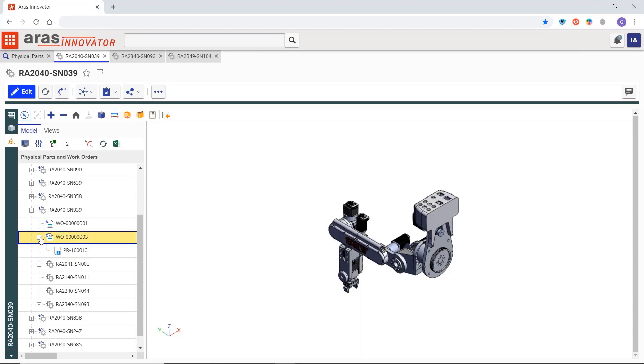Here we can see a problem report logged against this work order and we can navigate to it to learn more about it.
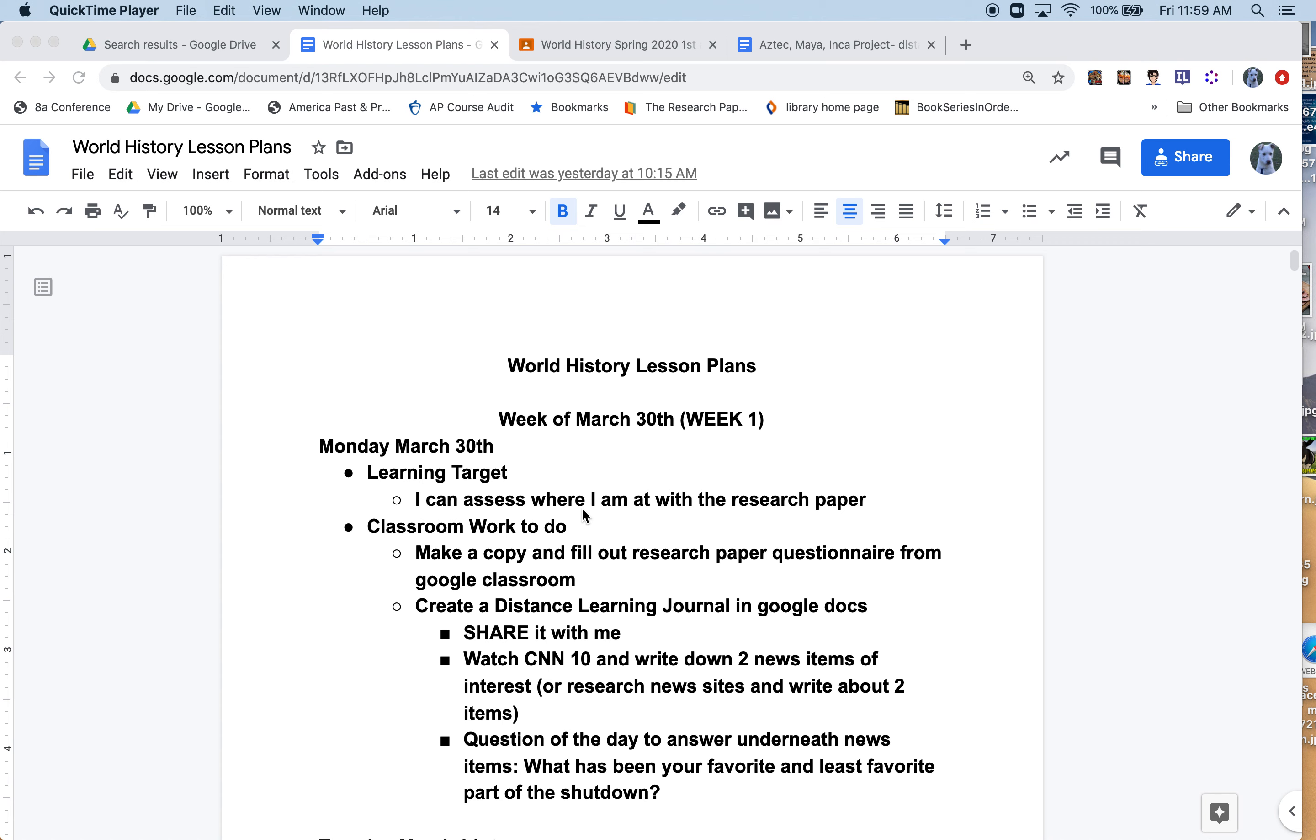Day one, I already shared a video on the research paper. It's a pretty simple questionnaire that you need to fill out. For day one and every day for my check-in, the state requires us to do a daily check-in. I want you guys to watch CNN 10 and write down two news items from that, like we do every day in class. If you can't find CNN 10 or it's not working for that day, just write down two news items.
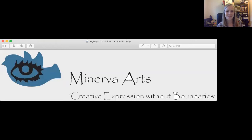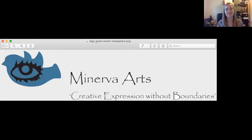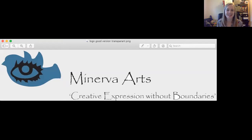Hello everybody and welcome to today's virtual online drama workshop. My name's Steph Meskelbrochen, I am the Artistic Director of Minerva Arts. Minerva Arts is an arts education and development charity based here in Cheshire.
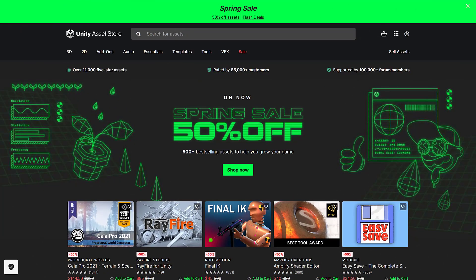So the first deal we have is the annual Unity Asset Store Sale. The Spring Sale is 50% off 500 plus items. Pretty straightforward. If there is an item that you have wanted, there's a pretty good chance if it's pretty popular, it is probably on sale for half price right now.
----
• What is expected:
Could you write out verbatim only those lines that run from the line containing "Hello everybody and" through the end of the listing above, both included, without the pictures?

• Written response:
Hello everybody and welcome to today's virtual online drama workshop. My name's Steph Meskelbrochen, I am the Artistic Director of Minerva Arts. Minerva Arts is an arts education and development charity based here in Cheshire.
So the first deal we have is the annual Unity Asset Store Sale. The Spring Sale is 50% off 500 plus items. Pretty straightforward. If there is an item that you have wanted, there's a pretty good chance if it's pretty popular, it is probably on sale for half price right now.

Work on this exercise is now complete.